Quarta-feira marcou a passagem de 35 anos do fluxo piroclástico mortífero ocorrido no cume Fugen, do Monte Unzen, da província de Nagasaki, região sudoeste do Japão.

Em 3 de junho de 1991, uma erupção no cume desencadeou um grande fluxo piroclástico que mataria 43 pessoas, incluindo equipes de reportagem, bombeiros voluntários locais, policiais e motoristas de táxi. A tragédia levou a uma revisão das medidas de preparação para desastres vulcânicos e a forma de relato jornalístico das calamidades.

A partir da manhã de quarta-feira, cerimônias em memória das vítimas foram realizadas em vários locais da cidade de Shimabara, da mesma província.

Um grupo de 50 pessoas, incluindo o prefeito, Furukawa Ryuzaburo, depositou flores em um monumento fúnebre construído em uma praça do complexo habitacional onde ficaram abrigadas temporariamente pessoas que haviam perdido a moradia na calamidade.

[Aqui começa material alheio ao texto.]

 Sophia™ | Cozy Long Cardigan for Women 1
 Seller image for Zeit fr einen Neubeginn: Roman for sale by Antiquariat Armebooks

Outra cerimônia foi realizada na cidade em memória dos 12 bombeiros voluntários perecidos no desastre, com a presença de familiares e do comandante da brigada de combate ao fogo — único membro ainda ativo entre os que atuaram na ocasião do desastre.

Morreram no ano passado Kanegae Kanichi, que era prefeito de Shimabara na época, e o vulcanólogo Ota Kazuya — dois líderes de esforços realizados para transmitir aos jovens as lições tiradas da tragédia.

O prefeito de Shimabara disse ser importante transmitir continuamente aos jovens o valor atribuído à montanha pelas duas personalidades locais que fizeram frente ao desastre.